Sie spricht auch die Heritage Foundation an. Das ist eine wichtige Denkfabrik der Republikaner, die auch Donald Trumps Wahlprogramm mitgestaltet habe: "Die haben bereits gesagt, wir stehen kurz vor der zweiten amerikanischen Revolution, und die wird nur blutlos verlaufen, wenn die Liberalen uns diese Revolution zugestehen."
Das mache die nächsten 100 Tage sehr gefährlich und sehr schwierig.
... einen Ausweg aus der gesellschaftlichen Polarisierung in den USA
Diese Frage würden sich auch ihre Kollegen in den USA stellen:
"Wie kann man ein grundsätzliches Verständnis für die Wertigkeit von Kompromissen in Demokratie, die Funktionalität und die Glaubwürdigkeit von Demokratie wiederherstellen?"

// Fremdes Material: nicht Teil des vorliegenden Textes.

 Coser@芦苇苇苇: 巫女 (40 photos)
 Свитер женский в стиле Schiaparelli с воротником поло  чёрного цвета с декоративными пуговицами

Die USA sind so polarisiert wie selten zuvor. Entzweit in politische Lager. In 40 US-Staaten kann eine Partei kompromisslos durchregieren. Die Republikaner oder die Demokraten. 18.07.2024 | 29:14 min
Die aktuell starke Polarisierung sei unter anderem zurückzuführen auf die letzten 20 Jahre: Das Rating-Unternehmen Fitch habe die USA im Herbst für 20 Jahre politische Verfehlungen herabgestuft, sagt Clüver Ashbrook.
Dagegen helfen würde unter anderem mehr politische Bildung, erklärt Clüver Ashbrook. Aber seit 2019 seien mehr Kinder in Homeschooling. Dadurch erlebten sie nicht mehr mit, wie Konflikte und Differenzen in einer öffentlichen Schule ausgetragen werden, wo gelebte Demokratie funktioniert.
... frühere Attentate auf US-Präsidenten und Kandidaten
Die Situationen seien damals unterschiedlich gewesen. Die Entwicklungen nach den Attentaten könnten jedoch schon Hinweise geben auf das, was man in der republikanischen Rhetorik erwarten könne.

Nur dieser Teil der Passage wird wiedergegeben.